- [Problem to solve] Your answer must hold only the lines below from the line containing "Tiny handmade ceramic" through the line containing "Japanese style black", each reproduced exactly.

Data excerpts
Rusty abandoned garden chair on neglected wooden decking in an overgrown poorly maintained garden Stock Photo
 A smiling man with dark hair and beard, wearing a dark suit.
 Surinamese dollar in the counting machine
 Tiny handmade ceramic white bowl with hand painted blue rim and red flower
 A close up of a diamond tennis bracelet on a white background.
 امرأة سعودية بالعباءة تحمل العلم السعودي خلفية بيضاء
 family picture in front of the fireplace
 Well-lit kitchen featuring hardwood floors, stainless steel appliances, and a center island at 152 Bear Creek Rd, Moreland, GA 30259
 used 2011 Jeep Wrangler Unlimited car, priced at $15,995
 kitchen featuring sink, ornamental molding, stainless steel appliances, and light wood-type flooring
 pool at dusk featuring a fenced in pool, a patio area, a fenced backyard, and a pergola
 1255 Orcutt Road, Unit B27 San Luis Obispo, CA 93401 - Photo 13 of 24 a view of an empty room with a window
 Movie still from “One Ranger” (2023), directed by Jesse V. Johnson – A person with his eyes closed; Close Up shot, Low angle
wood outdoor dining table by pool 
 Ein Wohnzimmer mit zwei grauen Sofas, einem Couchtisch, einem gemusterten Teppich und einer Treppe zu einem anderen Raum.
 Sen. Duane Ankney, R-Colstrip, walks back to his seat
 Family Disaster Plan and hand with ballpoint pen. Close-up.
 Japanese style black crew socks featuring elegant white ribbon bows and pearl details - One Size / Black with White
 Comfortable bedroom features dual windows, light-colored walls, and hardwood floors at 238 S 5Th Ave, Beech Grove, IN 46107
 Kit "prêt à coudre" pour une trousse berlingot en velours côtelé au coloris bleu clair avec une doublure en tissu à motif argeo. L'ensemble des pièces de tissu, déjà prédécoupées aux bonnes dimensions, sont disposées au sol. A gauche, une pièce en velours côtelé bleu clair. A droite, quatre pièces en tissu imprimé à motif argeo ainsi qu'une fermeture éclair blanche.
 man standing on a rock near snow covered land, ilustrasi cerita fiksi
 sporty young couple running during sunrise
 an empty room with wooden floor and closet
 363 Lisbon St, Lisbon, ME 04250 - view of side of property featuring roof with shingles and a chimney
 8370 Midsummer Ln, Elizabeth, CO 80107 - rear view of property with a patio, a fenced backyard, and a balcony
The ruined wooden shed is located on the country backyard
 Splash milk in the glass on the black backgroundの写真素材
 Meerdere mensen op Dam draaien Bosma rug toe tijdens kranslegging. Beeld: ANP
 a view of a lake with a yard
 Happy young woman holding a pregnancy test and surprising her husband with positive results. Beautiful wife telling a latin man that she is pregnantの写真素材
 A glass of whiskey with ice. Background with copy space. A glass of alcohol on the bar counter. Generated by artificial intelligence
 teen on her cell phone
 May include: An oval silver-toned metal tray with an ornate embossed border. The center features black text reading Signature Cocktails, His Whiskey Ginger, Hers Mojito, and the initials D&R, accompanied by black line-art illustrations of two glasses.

- [Task answer]
 Tiny handmade ceramic white bowl with hand painted blue rim and red flower
 A close up of a diamond tennis bracelet on a white background.
 امرأة سعودية بالعباءة تحمل العلم السعودي خلفية بيضاء
 family picture in front of the fireplace
 Well-lit kitchen featuring hardwood floors, stainless steel appliances, and a center island at 152 Bear Creek Rd, Moreland, GA 30259
 used 2011 Jeep Wrangler Unlimited car, priced at $15,995
 kitchen featuring sink, ornamental molding, stainless steel appliances, and light wood-type flooring
 pool at dusk featuring a fenced in pool, a patio area, a fenced backyard, and a pergola
 1255 Orcutt Road, Unit B27 San Luis Obispo, CA 93401 - Photo 13 of 24 a view of an empty room with a window
 Movie still from “One Ranger” (2023), directed by Jesse V. Johnson – A person with his eyes closed; Close Up shot, Low angle
wood outdoor dining table by pool 
 Ein Wohnzimmer mit zwei grauen Sofas, einem Couchtisch, einem gemusterten Teppich und einer Treppe zu einem anderen Raum.
 Sen. Duane Ankney, R-Colstrip, walks back to his seat
 Family Disaster Plan and hand with ballpoint pen. Close-up.
 Japanese style black crew socks featuring elegant white ribbon bows and pearl details - One Size / Black with White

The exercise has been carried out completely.